ABOUT THIS TASK: Quote, word for word, the line containing "SHEIN Frenchy Dây" and all lines that follow it to the end of the records, with no pictures.

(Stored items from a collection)
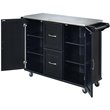 Pemberly Row Wood Kitchen Cart with Stainless Steel Top in Black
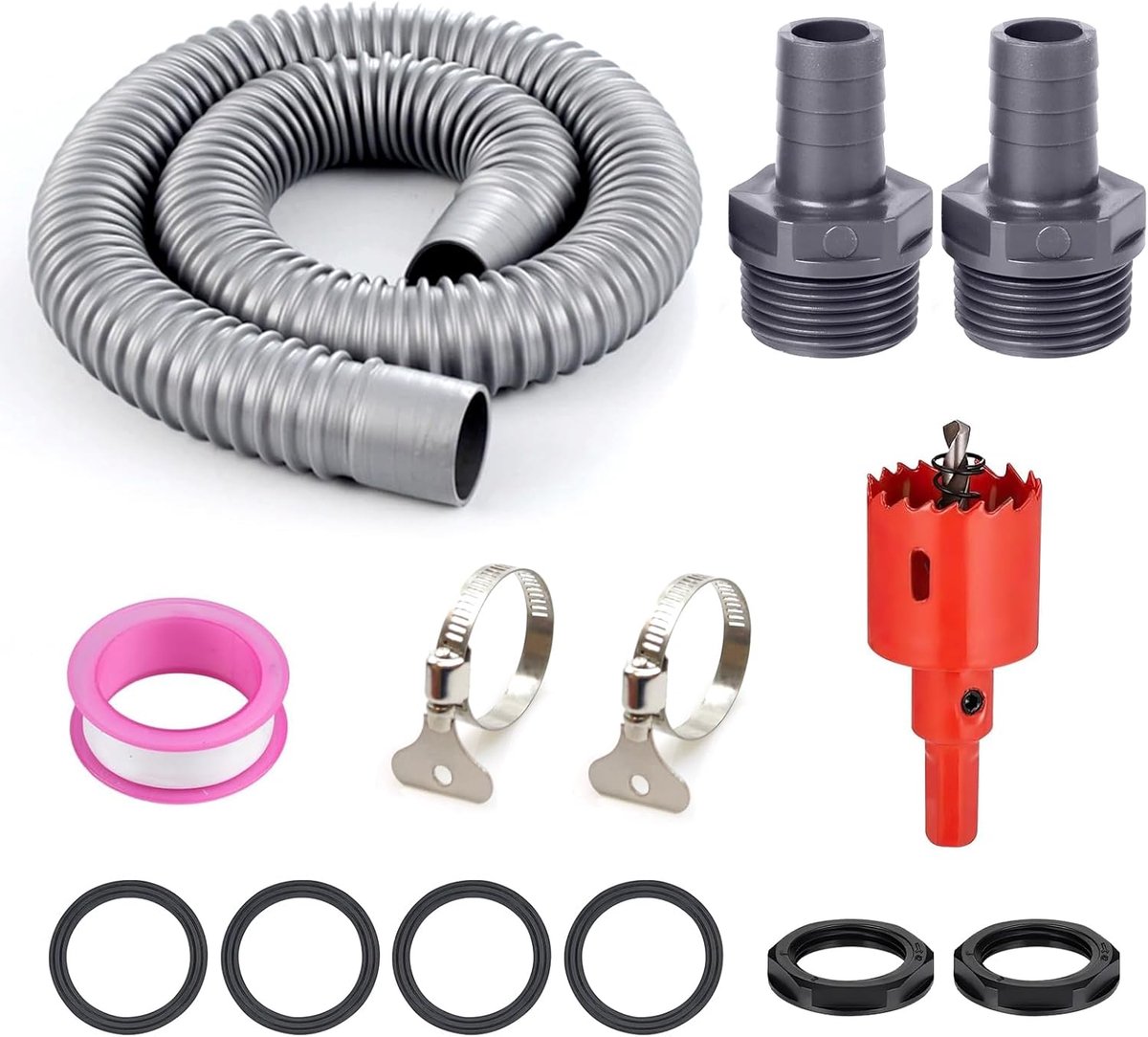 Rain Barrel Connection Kit, 32mm Rain Barrel Connector, 1m Connection Hose Rain Barrel Connector with Mounting - ShopVlot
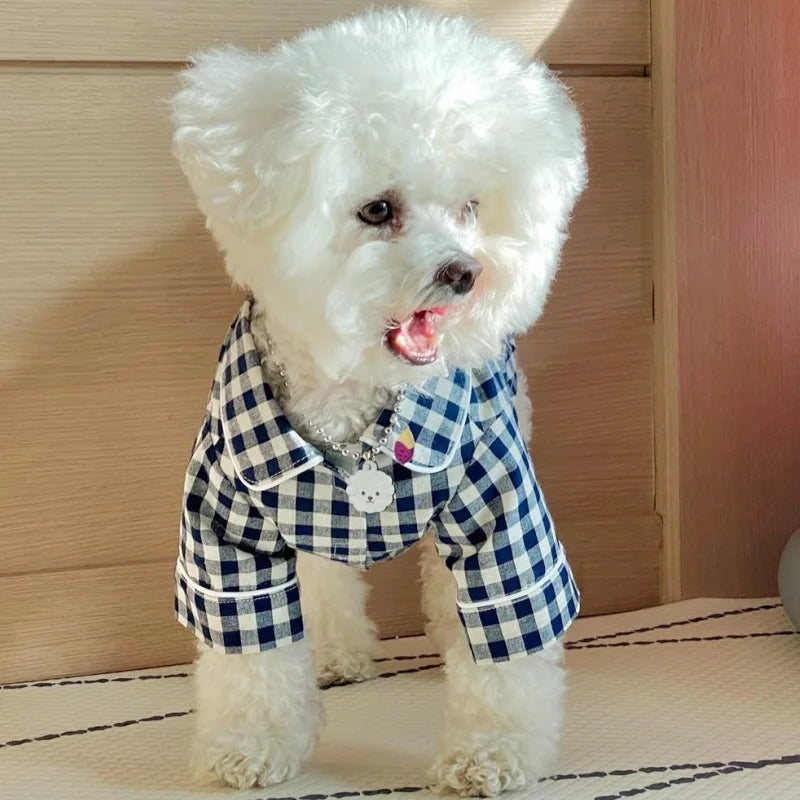 Soft Warm Dog Pajamas Summer Pet Household Clothes Fashion Puppy Shirt Coat Cute Plaid Shirt Pet Jacket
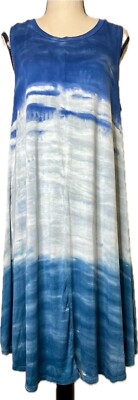 Cupio Women’s Sleeveless Stretchy Ombré Dipped Dye Jersey Boho Tank Dress Large-image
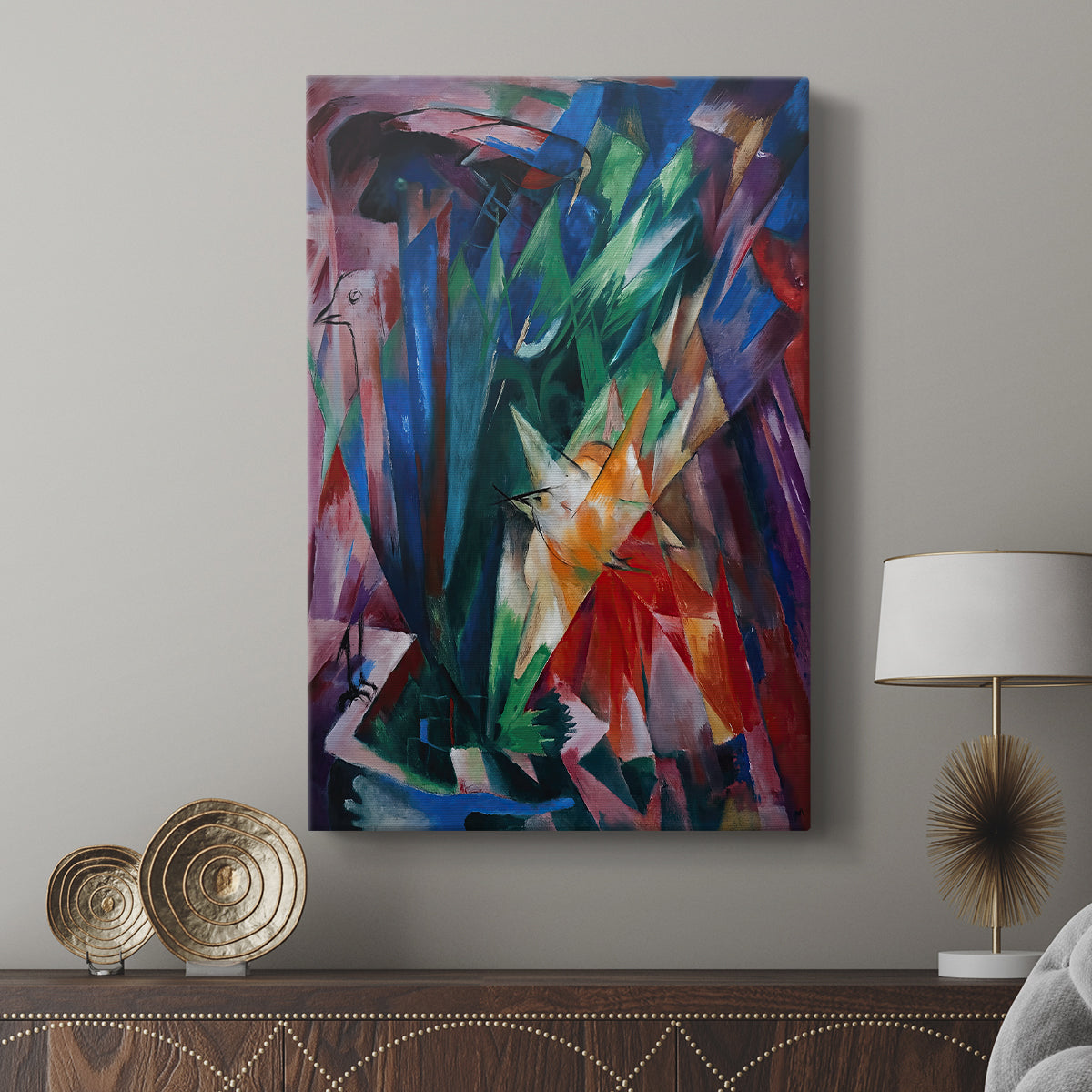 Canvas art print featuring a vivid arrangement of birds with expressive brushwork displayed in a modern interior space.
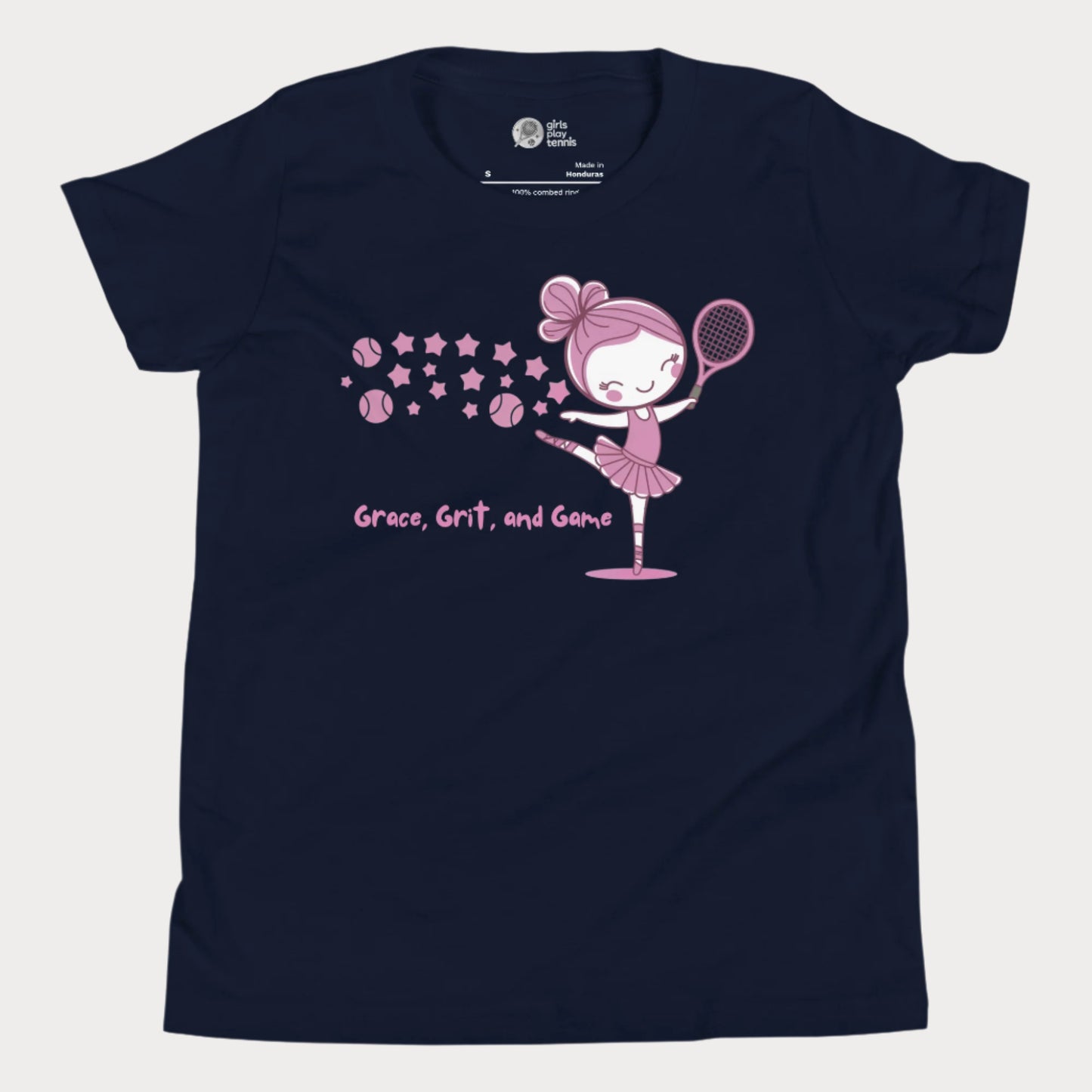 Navy girls' tennis t-shirt featuring a charming illustration of a ballerina holding a tennis racket, with the words "Grace, Grit, and Game" in pink.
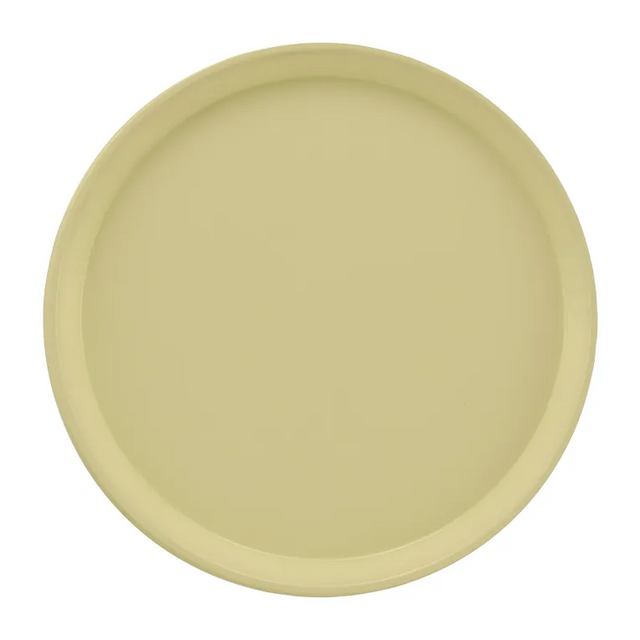 A round, flat Serving Camtray with a raised edge, shown from above. This light yellow fiberglass tray features a smooth, matte finish and is dishwasher safe, set against a plain white background.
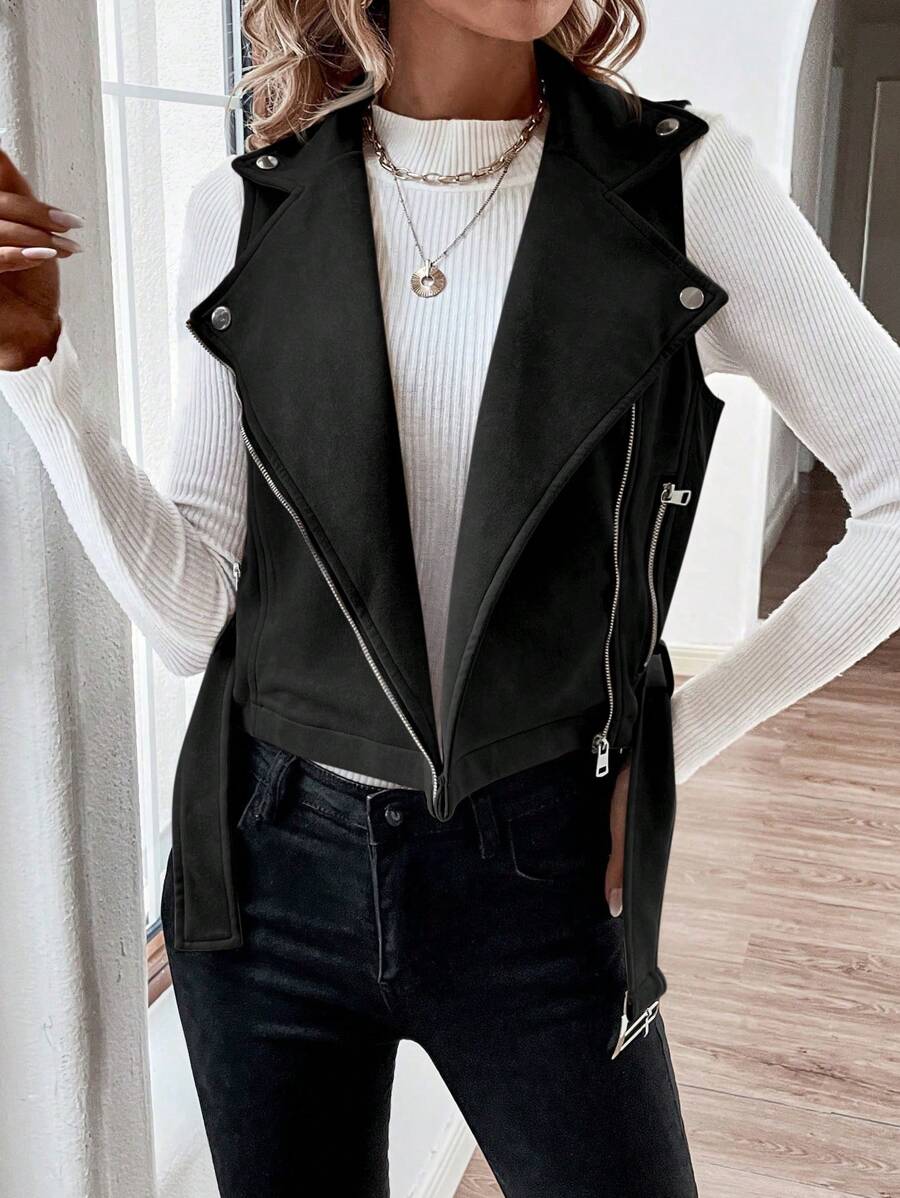 SHEIN Frenchy Dây kéo Thắt lưng Áo khoác vest - màu đen - Xem 1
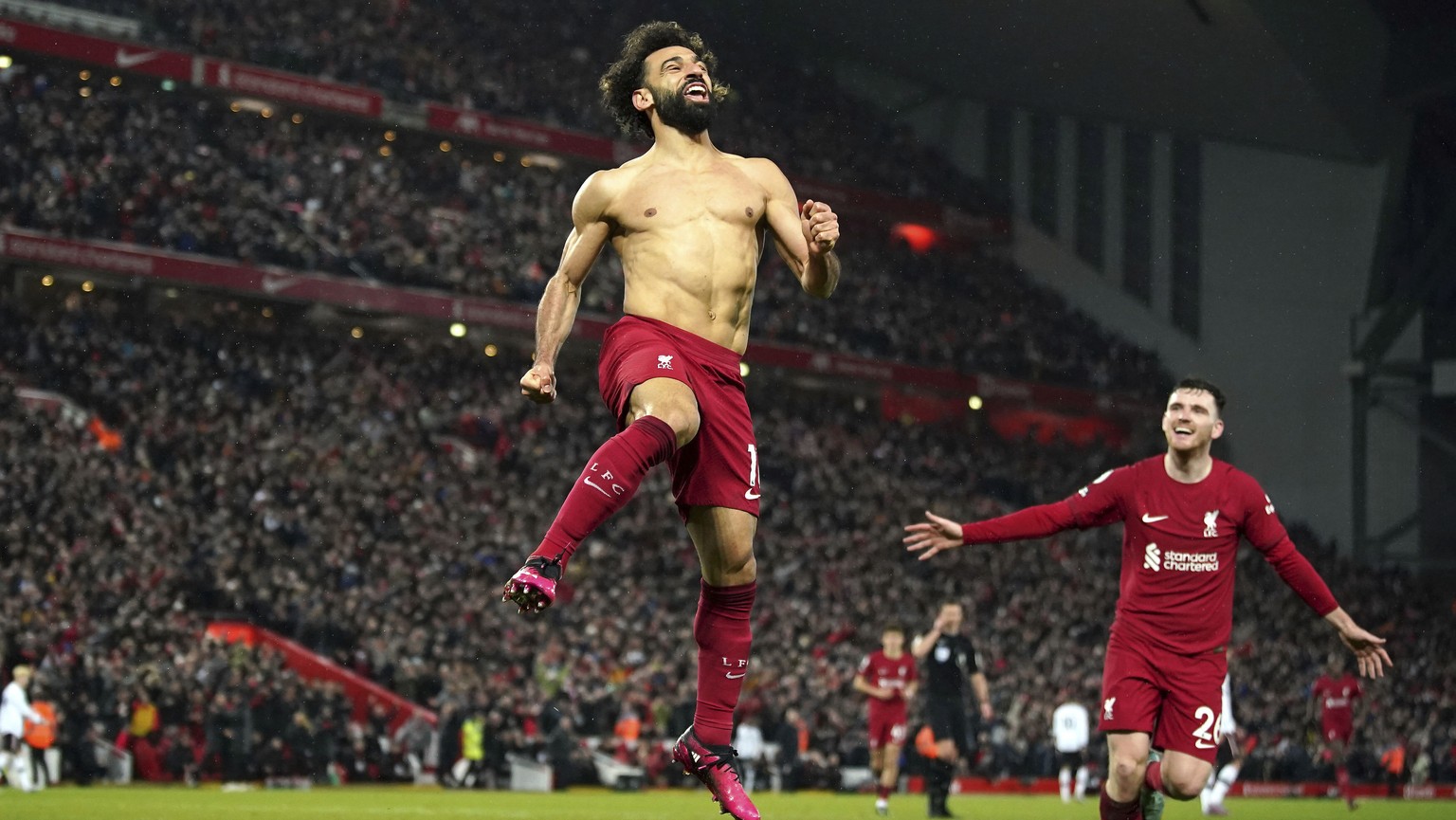 Liverpool&#039;s Mohamed Salah celebrates after scoring his side&#039;s sixth goal during the English Premier League soccer match between Liverpool and Manchester United at Anfield in Liverpool, Engla ...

TASK SOLUTION:
 SHEIN Frenchy Dây kéo Thắt lưng Áo khoác vest - màu đen - Xem 1
 Liverpool&#039;s Mohamed Salah celebrates after scoring his side&#039;s sixth goal during the English Premier League soccer match between Liverpool and Manchester United at Anfield in Liverpool, Engla ...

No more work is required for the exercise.